## Task description
Below are records. Transcribe exactly the lines from the one that contains "1108 Burns Ln" through the last line, leaving any pictures out.

## Record extracts
↓↓↓

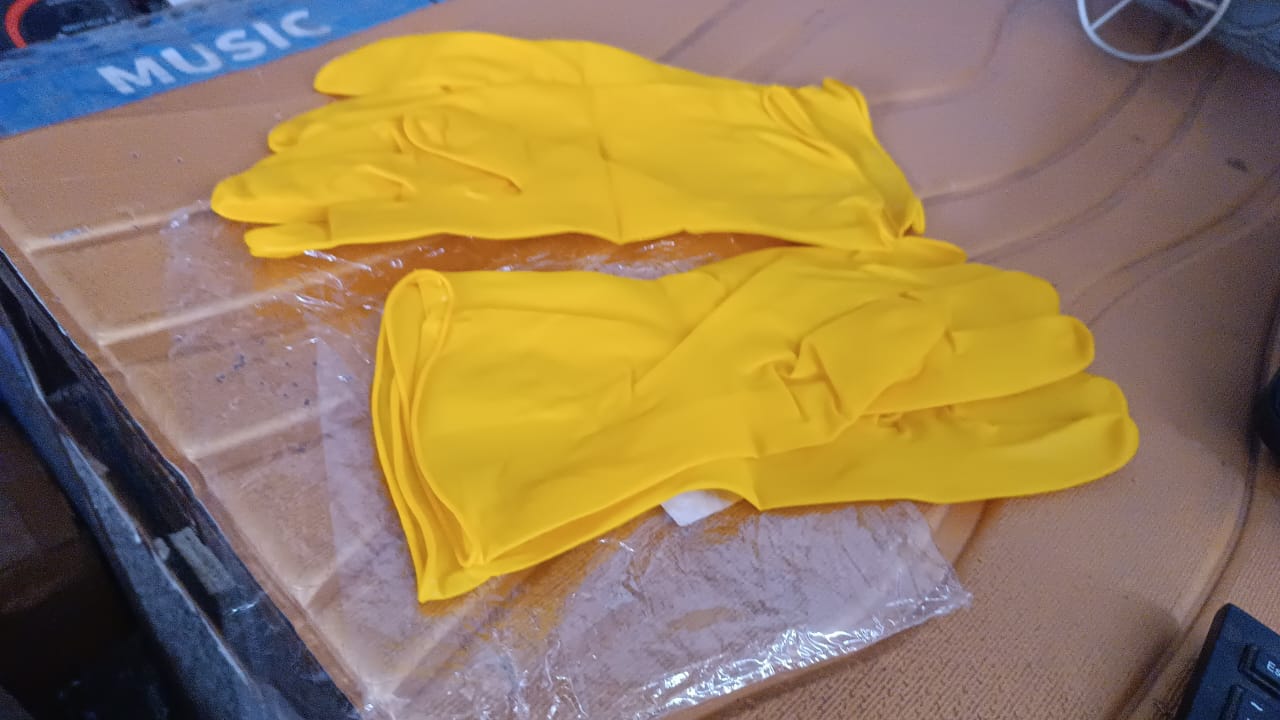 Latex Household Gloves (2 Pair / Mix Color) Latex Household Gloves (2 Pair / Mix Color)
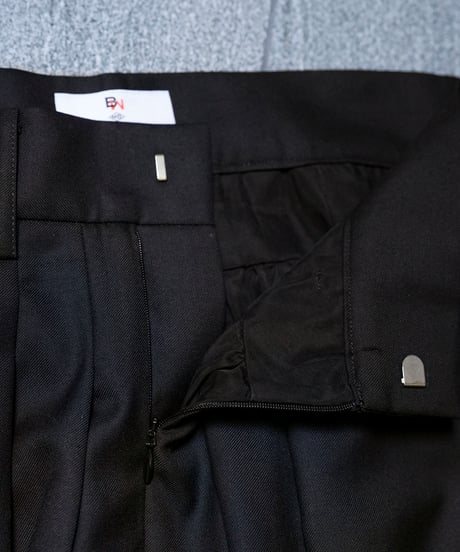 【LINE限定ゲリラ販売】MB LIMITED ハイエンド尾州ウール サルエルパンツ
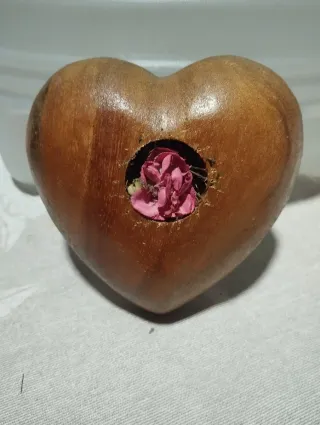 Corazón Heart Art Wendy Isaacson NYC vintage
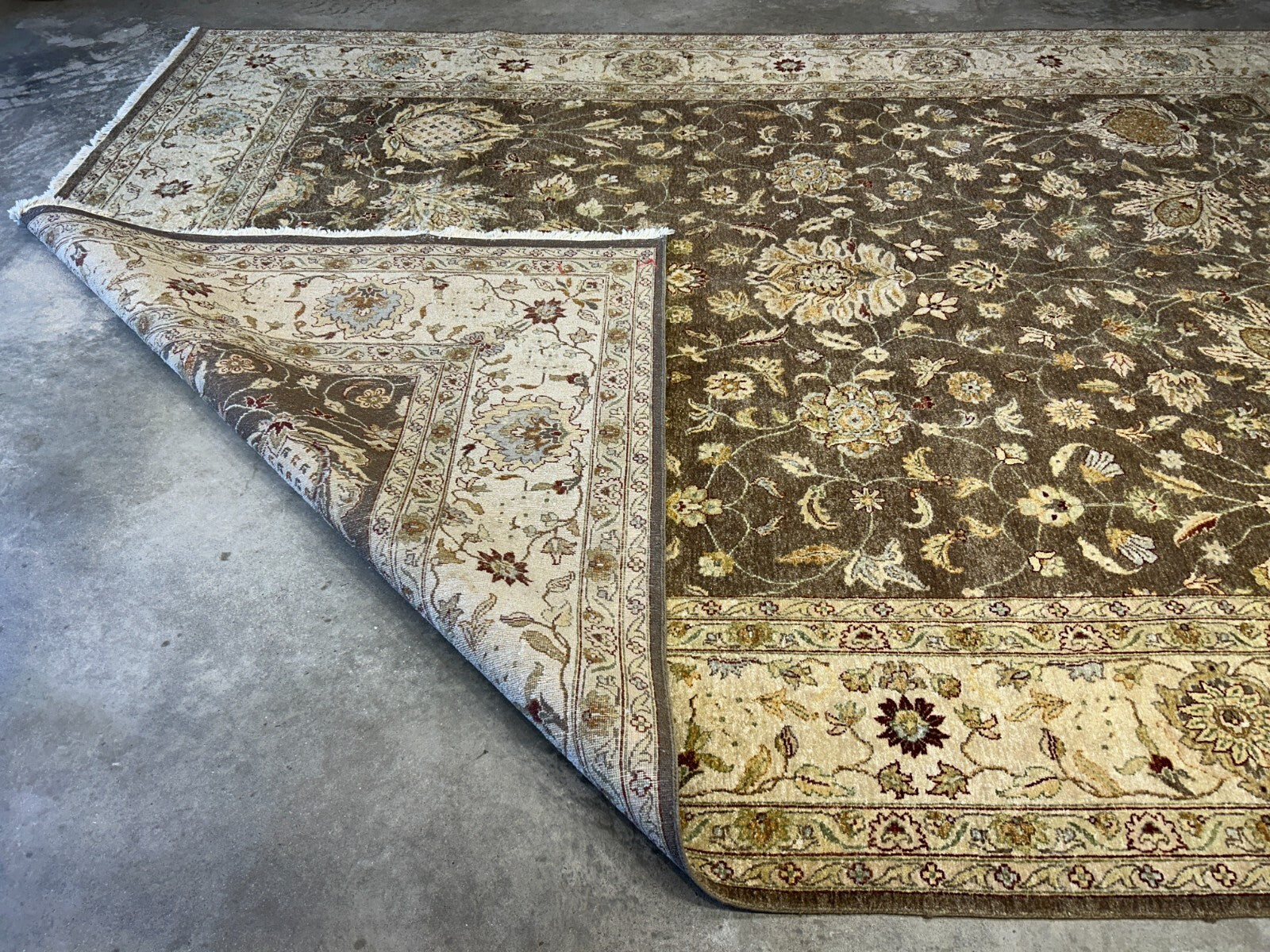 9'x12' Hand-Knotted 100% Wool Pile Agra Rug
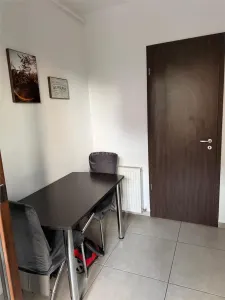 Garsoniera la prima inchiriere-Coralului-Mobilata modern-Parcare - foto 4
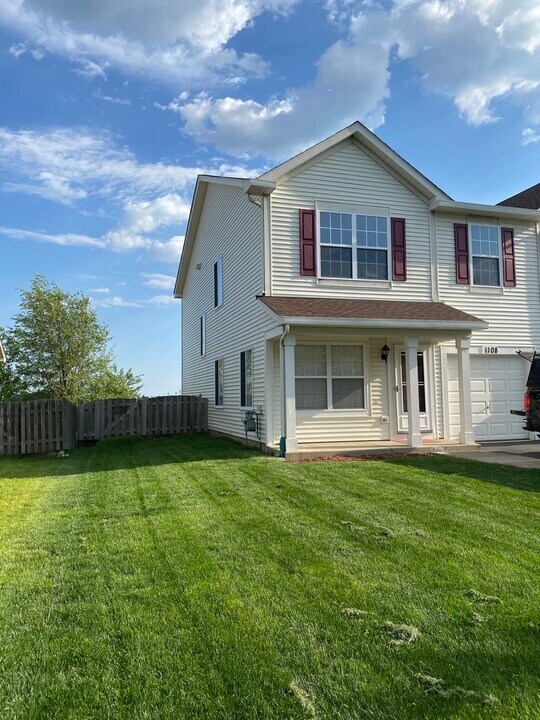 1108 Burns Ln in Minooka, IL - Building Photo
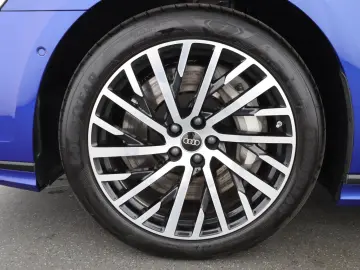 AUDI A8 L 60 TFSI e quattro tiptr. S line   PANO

↑↑↑

## Task answer
 1108 Burns Ln in Minooka, IL - Building Photo
 AUDI A8 L 60 TFSI e quattro tiptr. S line   PANO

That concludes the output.